No, there should be no question about it… what’s happening is endemic… ubiquitous… it’s happening everywhere, far and wide.
So, now the question that should be on everyone’s mind is… why? Why did the banks need to have people signing things thousands of times a month in the first place? And why should the answer to that question matter to every single American citizen? Because it most definitely should matter, regardless of whether you’re at risk of foreclosure, because among other things, everyone’s at risk of foreclosure as long as banks are foreclosing on homes using fraudulent documents.
Missing their assignment…
Why are the banksters finding it necessary to fraudulently and flagrantly create documents in order to foreclose on homes? What’s the problem here?

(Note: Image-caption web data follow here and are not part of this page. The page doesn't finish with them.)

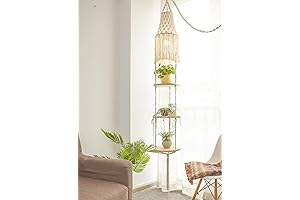 3-Tier Boho Plant Stand with Macrame Hanger and Lamp Shade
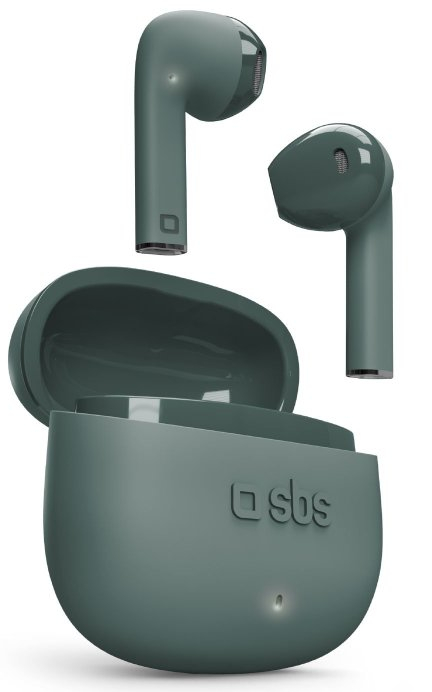 Zielone bezprzewodowe słuchawki SBS i etui ładujące, otwarte, z widocznym logo marki.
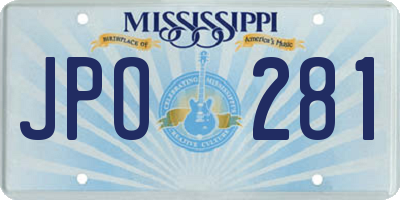 MS license plate JPO281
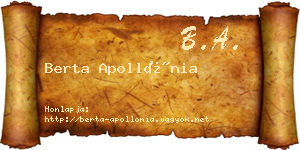 Berta Apollónia névjegykártya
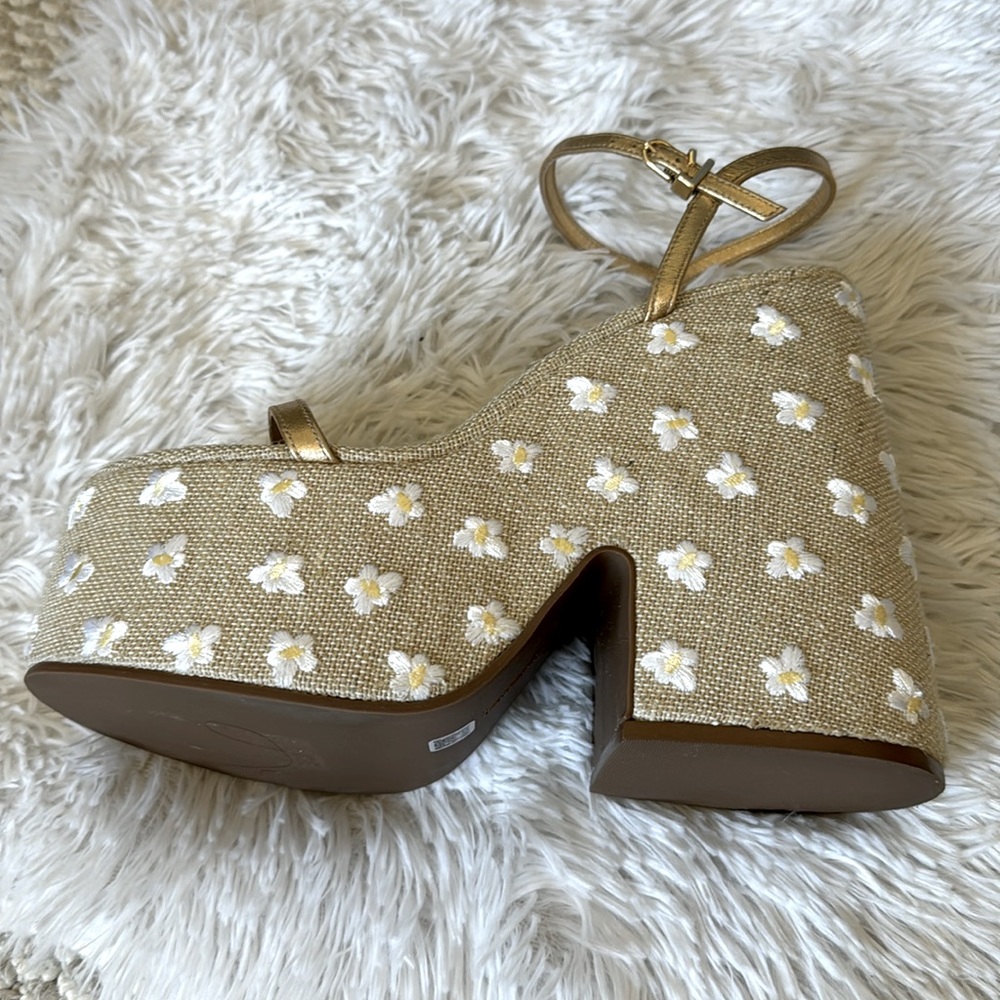 Larroude Wanda Platform Sandals in Gold Leather & Daisy Tan Raffia Rare - Picture 13 of 16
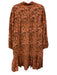 Lola Australia Size M Orange & Gray Cotton Paisley Floral Print Below knee Dress Orange & Gray / M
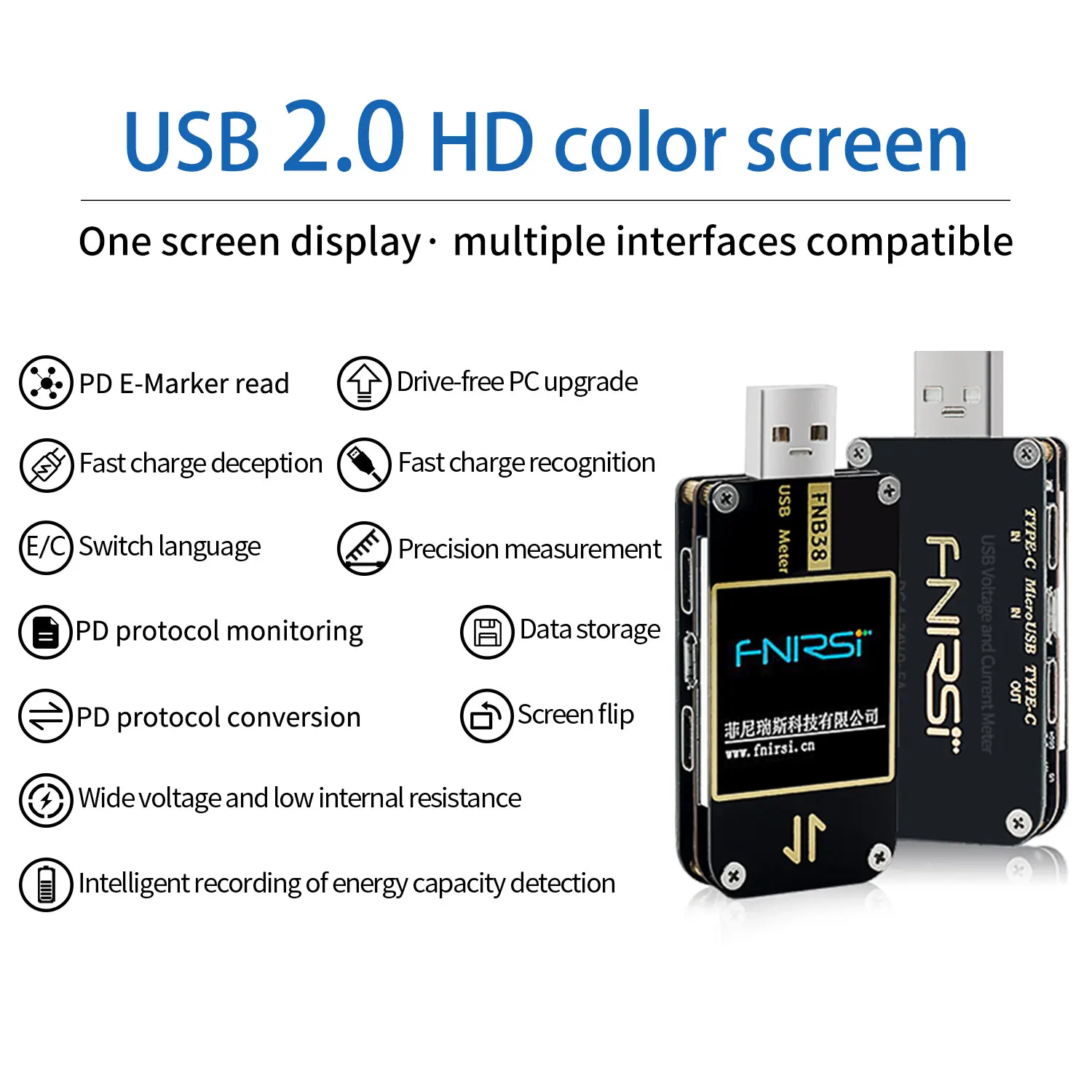 FNB38 Current And Voltage Meter USB Tester QC4+ PD3.0 2.0 PPS Fast Charging Protocol Capacity Test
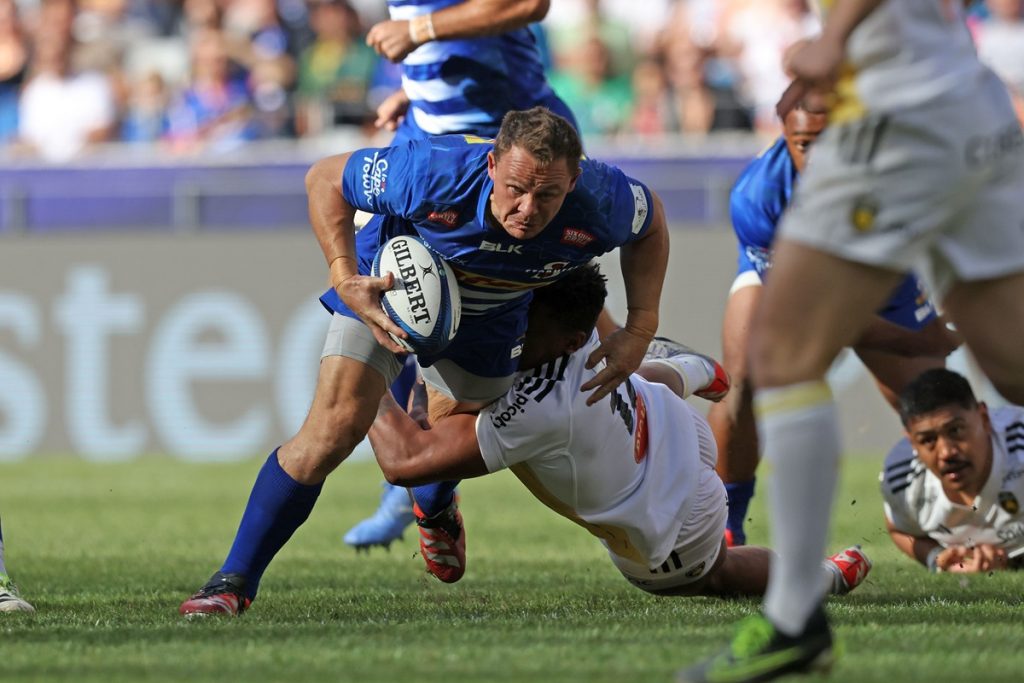 Mandatory Credit: Photo by Steve Haag Sports/INPHO/Shutterstock (14422130bj) DHL Stormers vs La Rochelle. DHL Stormers' Deon Fourie Investec Champions Cup Round of 16, DHL Stadium, Cape Town, South Africa - 06 Apr 2024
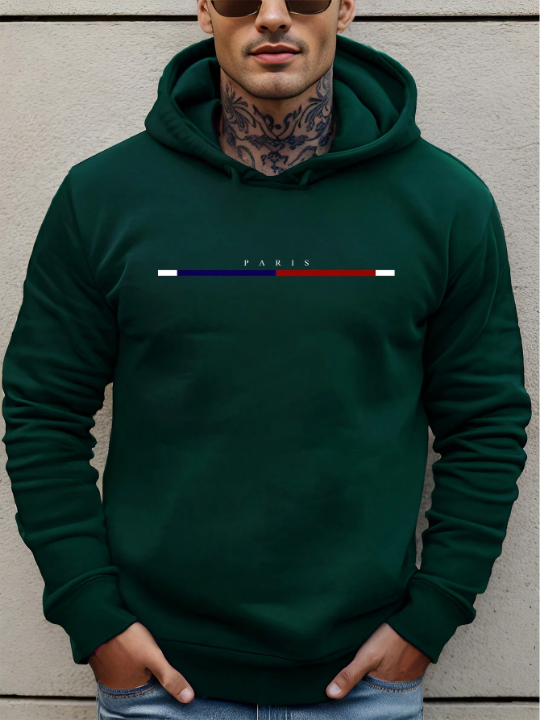 Men's Letter Printed Long Sleeve Hoodie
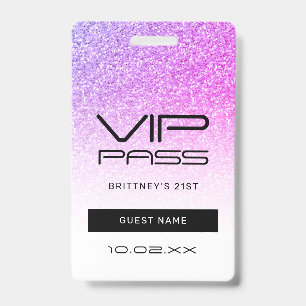 Lila Rosa Ombre Glitter VIP-Pass Party-Einladung Ausweis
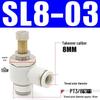 8mm Pneumatic Cylinder Throttle, SL8-02 Adjustable Air Hose Valve Connector, SL4-M5 Air Adjustment.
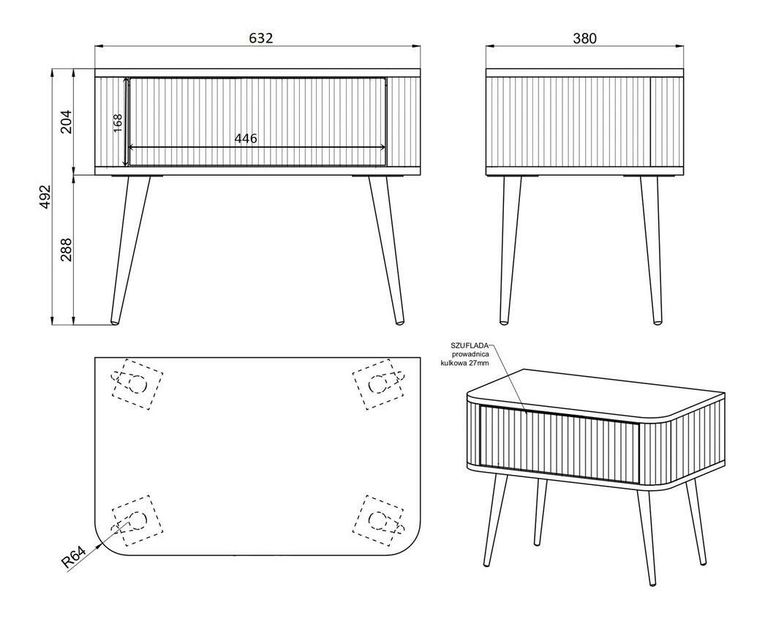 Noční stolek Oglio O1 (černá)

The answer is as simple as it is universal. Banks are falsifying documents and having robo-signers sign things because they’re trying to hide the fact that the notes were never assigned to the trusts that are now trying to foreclose on the homes. The trusts are quite simply empty. They hold nothing inside them. Certificates in the trusts that facilitated the sale of mortgage-backed securities to investors all over the world are missing the “mortgage-backed part.” Now the trusts want to foreclose, but they can’t prove they hold the loans… BECAUSE THE FACT IS… THEY DON’T.
The bankers never assigned the loans to the trusts. Essentially none of them… ever… assigned the… loans… to… the… trusts.
It’s so rare to find a mortgage’s note legally assigned to its supposed trust, that Max Gardner, or… “O. Max Gardner III,” if you don’t know him, I suppose, who is considered by many to be at the top of any list of the country’s consumer bankruptcy attorneys, and who has also become expert in the issues surrounding the mortgage meltdown and resulting foreclosure and credit crises, has often told the hundreds of attorneys around the country that follow his thinking on the issues and legal remedies, that if anyone ever finds a deal where the note was correctly endorsed to the trust, he or she should bronze it and hang it on their wall.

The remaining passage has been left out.